Consequently, with the attributions clearly defined in the same Decree-Law of 22 May, it became obvious that this Service had to become a separate one within the PSP.
This was how the Directorate for Foreign Nationals Service (Directorate de Serviço de Estrangeiros – DSE), came into being in the General Command of the PSP, through Decree-Law n° 651/74, of 22 November.
Development and stabilisation
Two more years elapsed in looking for the best solutions, and during this time everything was built up using the different experiences of a team of men and women selected because of their experience.
In this way the Service was built up and gradually it began to take shape and was structured to the extent that in June 1976, it was given administrative autonomy through Decree-Law n° 494-A/76, of 23 June. Once again, the name was changed and the service became known simply as Serviço de Estrangeiros - SE.
And it remained as the Servico de Estrangeiros (SE) for 10 years.
During these 10 years institutions were stabilised, and as government policy settled and took shape in this particular area, the problem became ever clearer that Law 494-A/76, chapter I - Article 2, sub-paragraph a) was not being put into practice because the SE should also have been responsible for controlling the "entry "of foreign nationals to Portugal, among other missions.
The solution that was found in 1974, when the Security Forces already installed at borders were given control of persons wishing to cross these borders, proved for this Service geared to controlling foreign nationals in Portugal to be not only damaging to the normal sequence of many investigations and measures, but also, at the very least, highly irregular.

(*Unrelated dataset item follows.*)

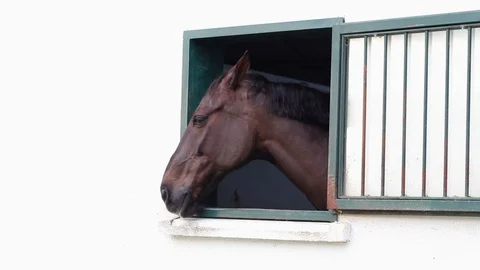 Horse in the stables Stock Footage 99934578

And this indeed was the opinion of successive Governments until, in 1986, Decree-Law n° 440/86, of 31 December, restructured the SE, which then became known as SEF -Serviço de Estrangeiros e Fronteiras, which, in form, meant that the letter of the law did in fact consider the service responsible for border control, although, in practice, at the time, the human resources available had not been prepared for doing this "in loco.".

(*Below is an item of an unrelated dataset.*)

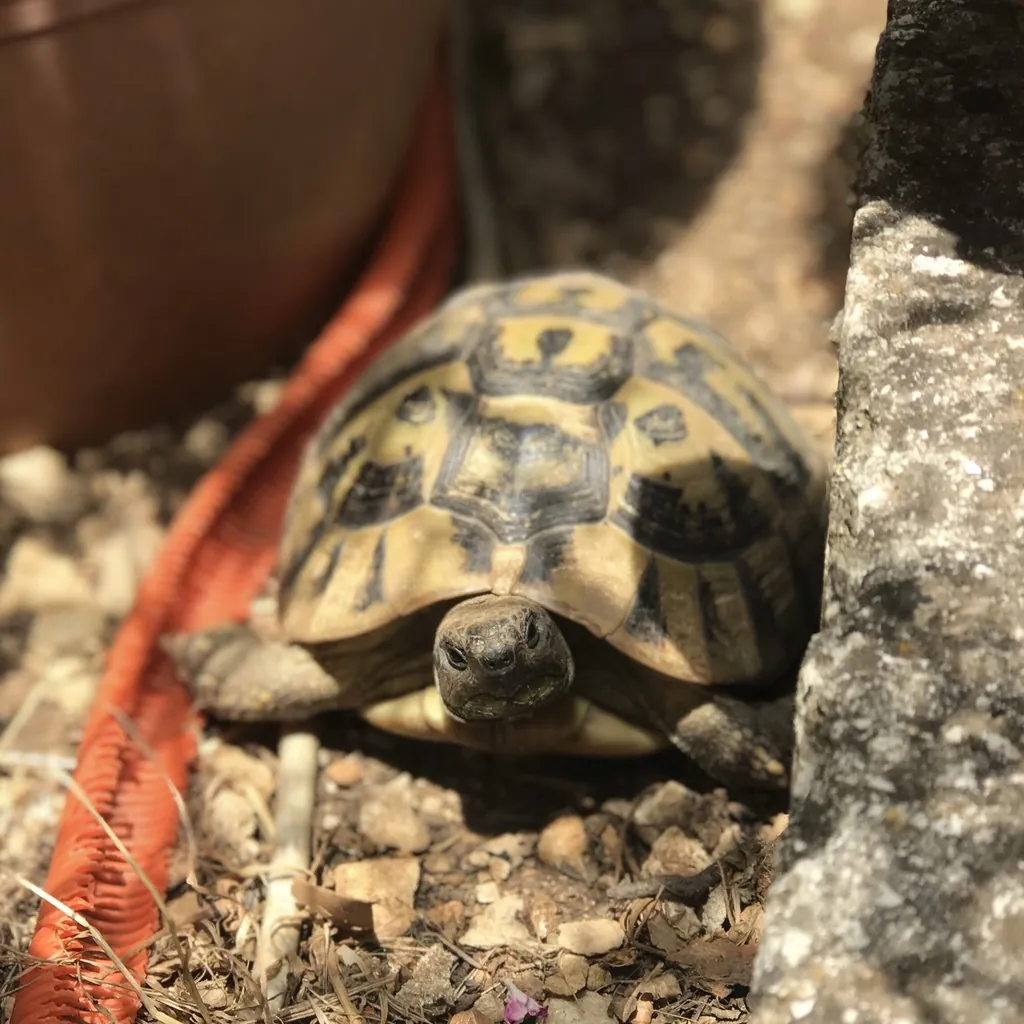 Testudo hermanni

Hence the co-operation between SEF and the Fiscal Guard which, never having ceased to function, became far more active as from 1986.
Gradually, from 1 August 1991, SEF was able to begin to replace the Fiscal Guard at border posts.

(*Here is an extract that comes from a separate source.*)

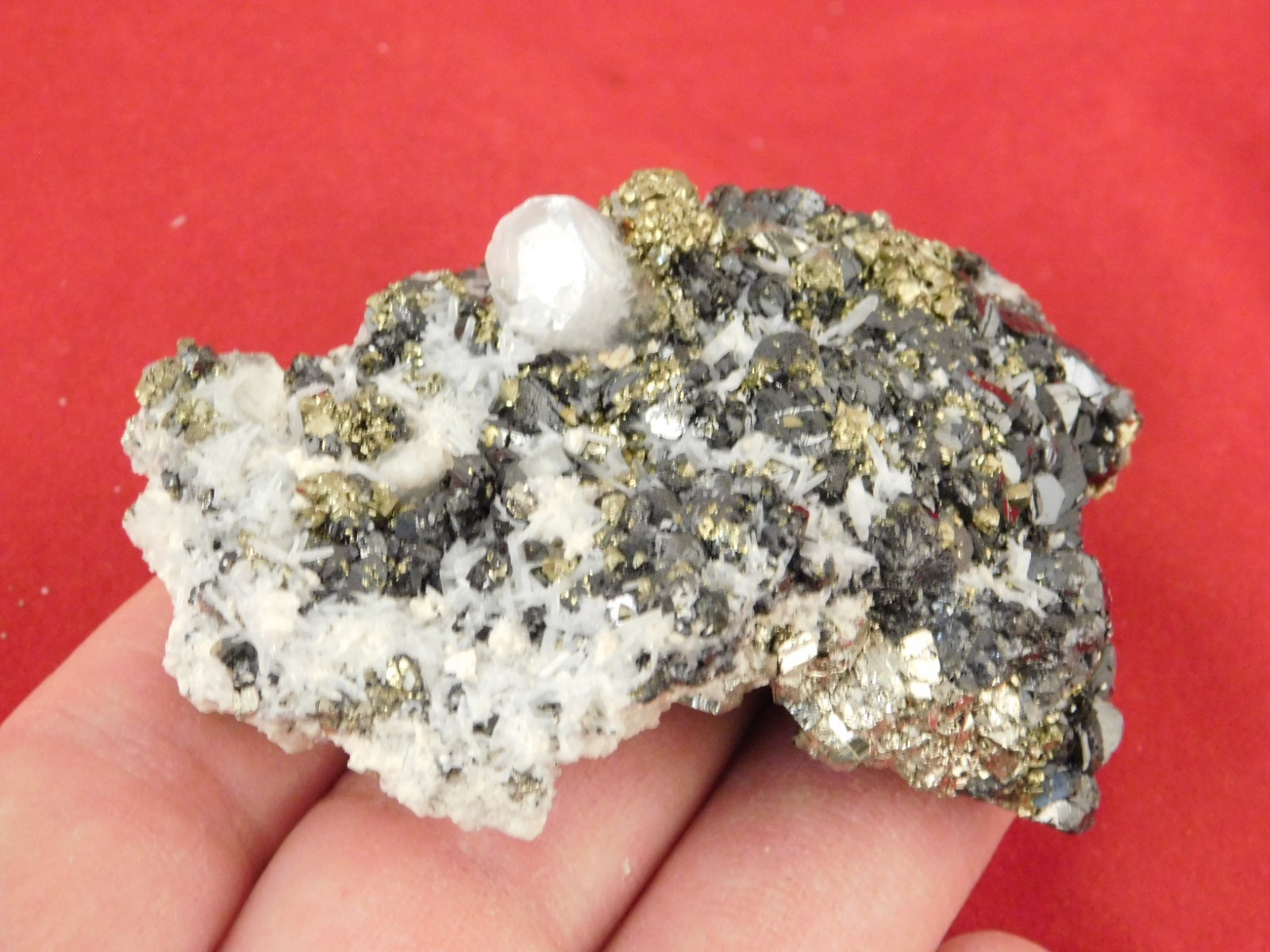 Sphalerite Crystal Cluster with Chalcopyrite Calcite and Pyrite 116gr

Although we are still partners and work in co-operation, as members of the Security Forces and Services laid down in the law on Internal Security (Law n° 20/87, of 12 June), for SEF this phase of collaboration in which for 15 years we worked together to provide the country with this service to the best of our ability, will go down in SEF “History”.
However, faced by the challenges of a New Europe the services were also forced to renovate.
The Directorate of SEF saw some intense activity in several sectors, without overlooking the renewal of legislation, which made this the Serviço de Estrangeiros e Fronteiras of a country with an external EU border, the guarantor that Portugal would meet the commitments assumed as a Member State of this new Space, part of the Schengen Agreement, which Portugal joined in June 1991, and in the preparatory work before joining SEF was thoroughly involved.
In renewing legislation, Law 120/93, of 16 April 1993, made some changes to the Organic Law underlying SEF. However, the real global restructuring of the service, to help it respond better to its current size, both in material and human terms, as well as to be able to meet the new responsibilities assumed, only began with publication of Decree-Law 52/2000, of 16 October, which approved its new organic structure and defined its attributions.
The “History” of this SEF will not be completed here and, more than ever, the pages of the SEF story are open and ready for new and important procedures.